TMG is almost debt-free and occupies leading positions with big brands in a number of relevant markets. Over the coming months, TMG will continue to focus on achieving synergy, economies of scale, digitalisation and the strengthening of market shares for existing products, while of course remaining alert to potential acquisitions which would further consolidate the position.
TMG is occupied with the changing media landscape and the future in many different ways, ranging from the exploitation of content on e-readers to the opportunities for new advertising billing models in the print and digital area. Print products remain very important for the profitability, and the attention TMG pays to them reflects this. TMG is investing in these products too, and is updating, improving as well as optimising them. The print products will deliver outstanding returns for many years to come. And especially in a declining market a major publisher of print products such as TMG is able to win market share and to realise proper financial margins.

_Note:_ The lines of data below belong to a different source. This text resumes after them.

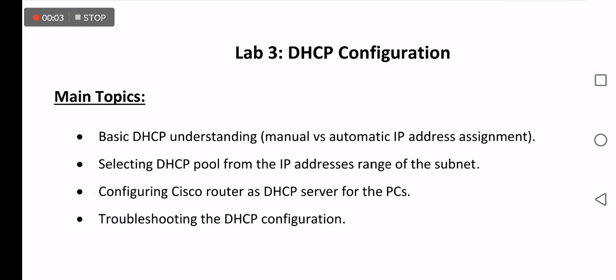Assalamu alaikum and good morning. Today's lecture is about DHCP configuration. I'll present the lecture using English language and the review using Arabic language.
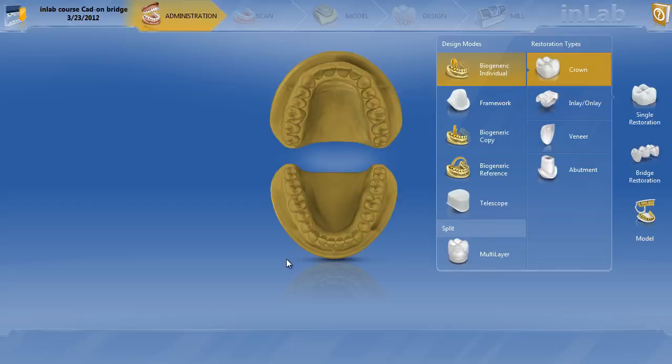In this video we're going to show you how to designate a bridge restoration in the administration screen of the 4.0 InLab software. We're going to do a cat-on bridge, a multi-layer bridge from tooth number 18 to 20.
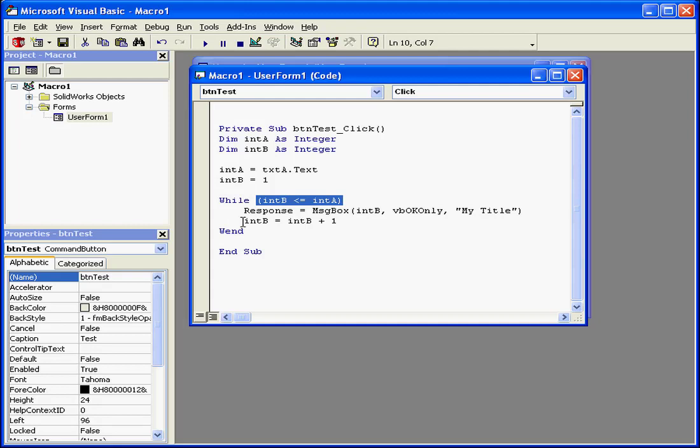In order to change the variable in increments of 1, we've got this line of code here: intb equals intb plus 1.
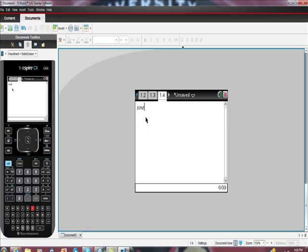If I type sine here, it goes back to italics, which means the calculator does not understand what you're asking it to do.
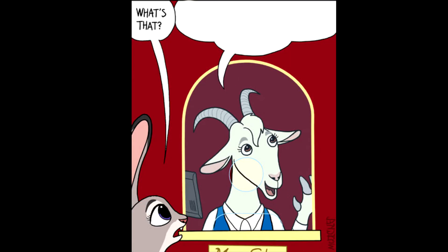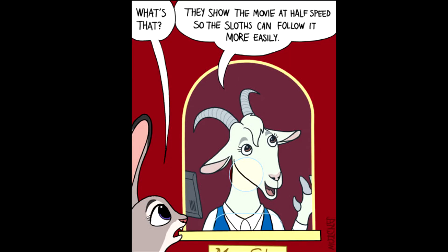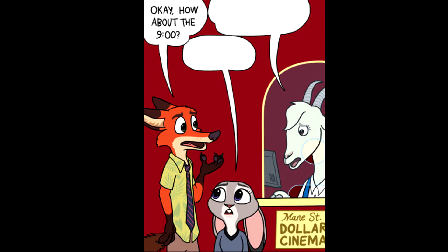What's that? They show the movie at half speed, so the sloths can follow it more easily. Okay, how about the nine o'clock? Oh, sorry sir, but that's sold out.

All of which means TMG must invest in tandem with unpopular internal measures. In the proper balance, this is the best guarantee for all stakeholders of a successful future for TMG. The biggest challenge facing TMG is to migrate to more digital revenues and profits, without losing sight of the profitability of print products.
In the long run economies of scale are important in a consolidating print industry and so is migration to higher revenues and results from digital activities. This is restricted by still existing crossownership constraints and also by competition in the digital area of public broadcasters, which are funded by the government.
The dividend is normally set within a range of 15% to 30% of the cash flow, with cash flow being defined as the sum of net result and depreciation, adjusted for the effects of revaluations and impairments included in the net result for the year.
Despite the limited negative operating result (EBIT), but in view of the positive operational cash flow and TMG's debt-free position, a cash dividend of €0.35 per share is proposed, like in 2008. On a total of 47,750,000 outstanding shares and depositary receipts for shares, this equates to a payout of €16.7 million.